Start of Block
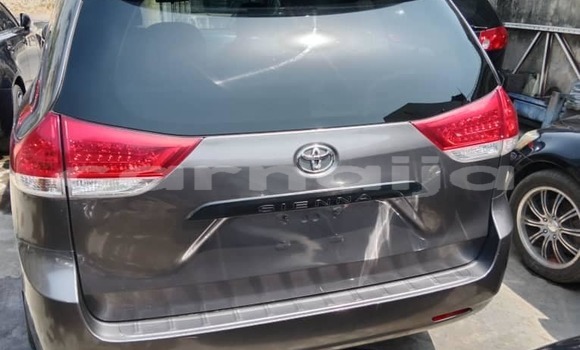 Acheter Occasion Voiture Toyota Sienna Autre à Aba, État d'Abia Acheter Occasion Voiture Toyota Sienna Autre à Aba, État d'Abia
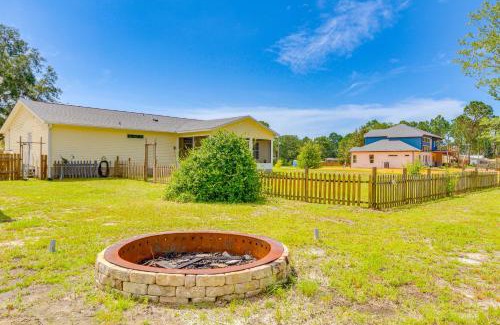 Navarre Casa | 5 Mi to Navarre Beach Home with Game Room and Yard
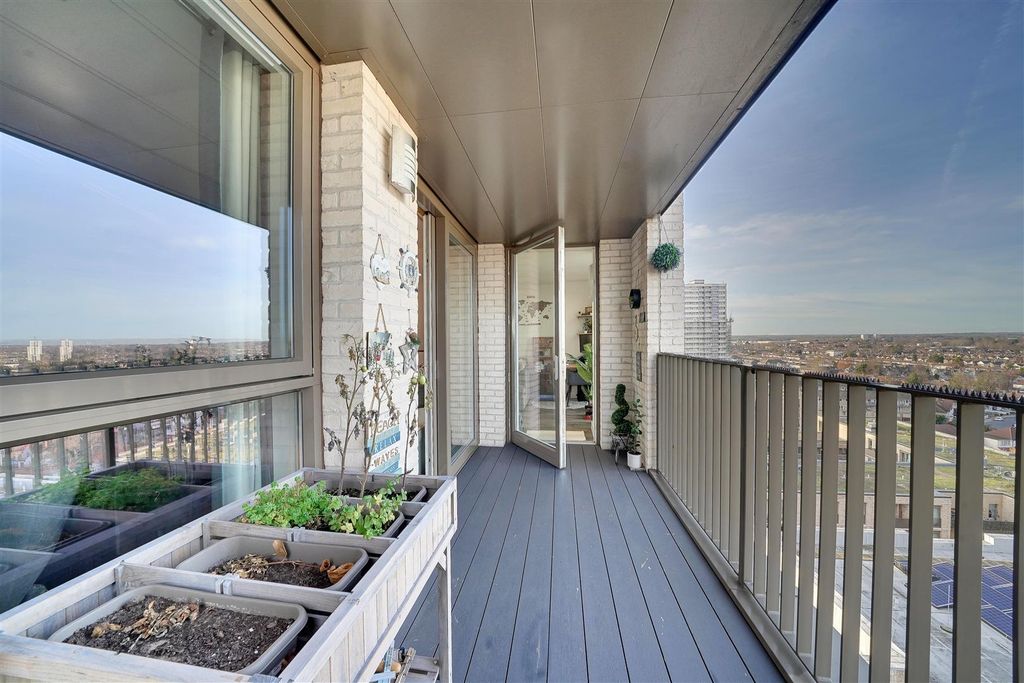 Property photo 2 of 17 Dsc07354-Dsc07358.Jpg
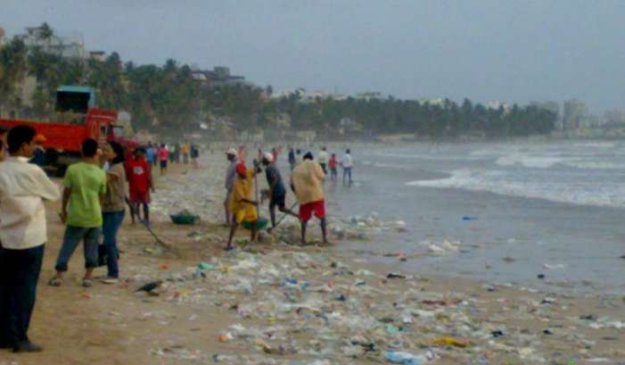 Победитель номинации «Самый грязный пляж мира»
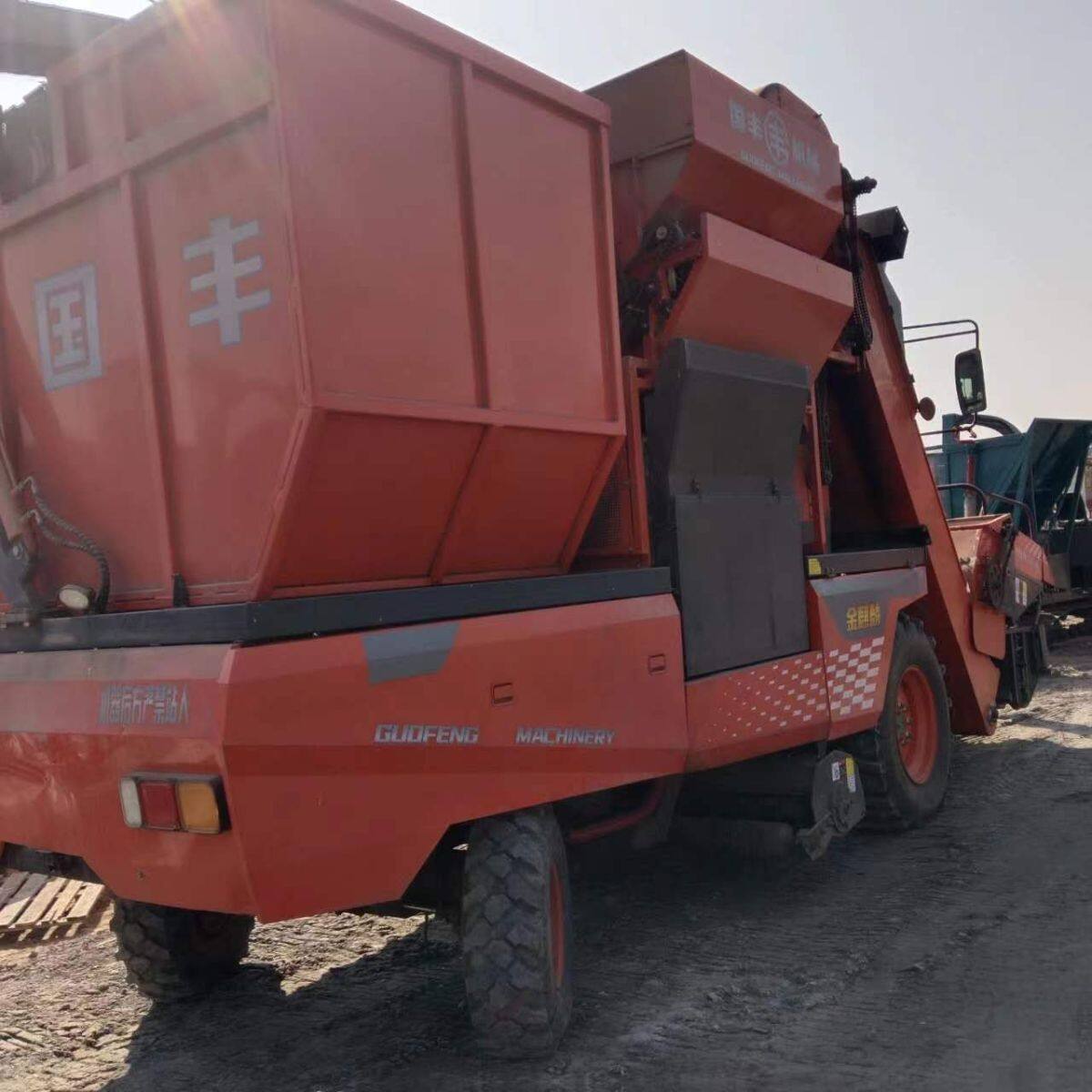 国丰金麒麟4YZQP-4型玉米茎穗兼收收割机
End of Block
» **TASK DETAILS**
Quote each record exactly as it stands, minus the pictures.

» **RESPONSE**
 Acheter Occasion Voiture Toyota Sienna Autre à Aba, État d'Abia Acheter Occasion Voiture Toyota Sienna Autre à Aba, État d'Abia
 Navarre Casa | 5 Mi to Navarre Beach Home with Game Room and Yard
 Property photo 2 of 17 Dsc07354-Dsc07358.Jpg
 Победитель номинации «Самый грязный пляж мира»
 国丰金麒麟4YZQP-4型玉米茎穗兼收收割机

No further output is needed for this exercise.